Catégorie : Renault

  • Vu : des anciennes à Epinay Sur Orge

    Vu : des anciennes à Epinay Sur Orge

    Par le plus grand des hasards, je passe devant la mairie d’Epinay-sur-Orge un dimanche en fin de matinée. Il y a du monde devant la mairie. Je croise une Traction, puis un Combi, j’aperçois une Type E puis une Berlinette. Il se passe effectivement quelque chose !

    Chaque mois, le club Fans d’Anciennes organise un petit rassemblement face à la mairie… Plus d’infos sur leur site.

  • Essai Renault Captur : l’orange mécanique tout-chemin

    Essai Renault Captur : l’orange mécanique tout-chemin

    Les 3 et 4 mai derniers, AUTOCult.fr essayait pour vous le petit nouveau de chez Renault, le Captur. C’est sur les routes du pays basque que je prenais le volant de ce joli petit scarabée bicolore attachant, polyvalent et surprenant. Récit.

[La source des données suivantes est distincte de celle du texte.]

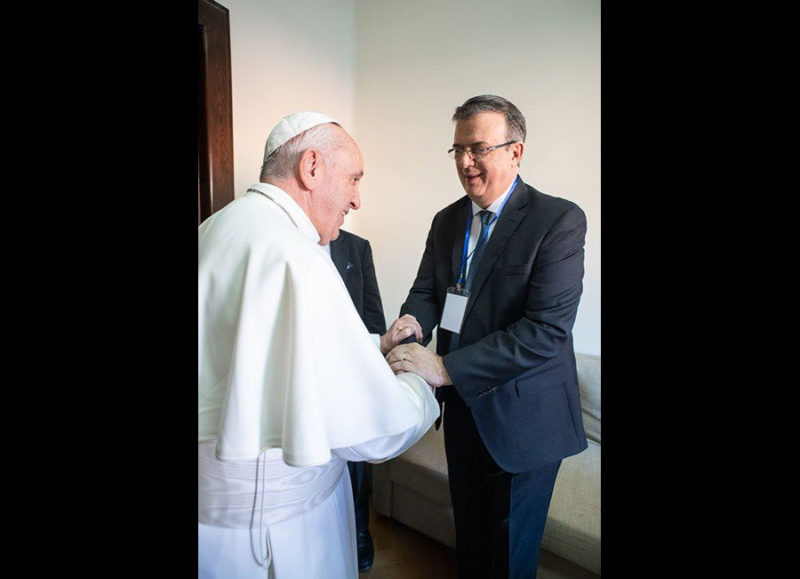 En el Vaticano expone Ebrard al Papa los proyectos sociales de AMLO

    Petit scarabée bicolore

    Nouveau fer de lance de la marque au losange, Captur, apparaît au sein du segment B, celui des Renault Clio, Volkswagen Polo ou Peugeot 208. Sur la base du châssis Clio, le petit dernier se montre haut sur pattes, coloré et bi-ton. Pour faire simple, Captur se situe entre Clio et Modus, avec un design proche de la première citée tout en bousculant les codes habituels d’une berline, s’approchant d’un 4×4, avec un petit style baroudeur bien plaisant. On aime assez.

    Depuis la Mini Cooper, qui démocratisa le phénomène des voitures bicolores, de nombreuses voitures sont passées par cette case, avec en partie les toits de celles-ci : Mini Cooper donc mais aussi Opel Adam, Suzuki Swift, Citroën DS3 et bien d’autres. Renault ne pouvait pas passer à côté de ce phénomène rétro, et c’est Captur qui s’en charge. Comme vous avez pu le voir sur notre galerie photo, les peintures de guerre Orange & Noir et Bleu & Ivoire peuvent surprendre mais au final, cela va plutôt bien à Captur. L’accent est aussi mis sur la personnalisation intérieure avec par exemple des dossiers et assises interchangeables à souhaits et lavables en machine. La couleur est présente à bord sans pour autant que cela ne soit criard ou de mauvais goût. Juste assez.

    Renault_Captur_01

    Globe trotter et globe trottoir

    Confortable et bien adapté tels les standards du segment B, Captur se montre à l’aise en ville. Sa mécanique (diesel Energy dCi 90 ou essence TCe 120 EDC) se montre souple et bien adaptée, et sa transmission (boîte manuelle ou automatique EDC) du même acabit et bien étagée, d’autant que son poste de conduite légèrement surélevé offre un beau point de vue sur la circulation, sans pour autant se sentir au volant d’un autobus. La conduite se montre alors confortable et facile, assez plaisante.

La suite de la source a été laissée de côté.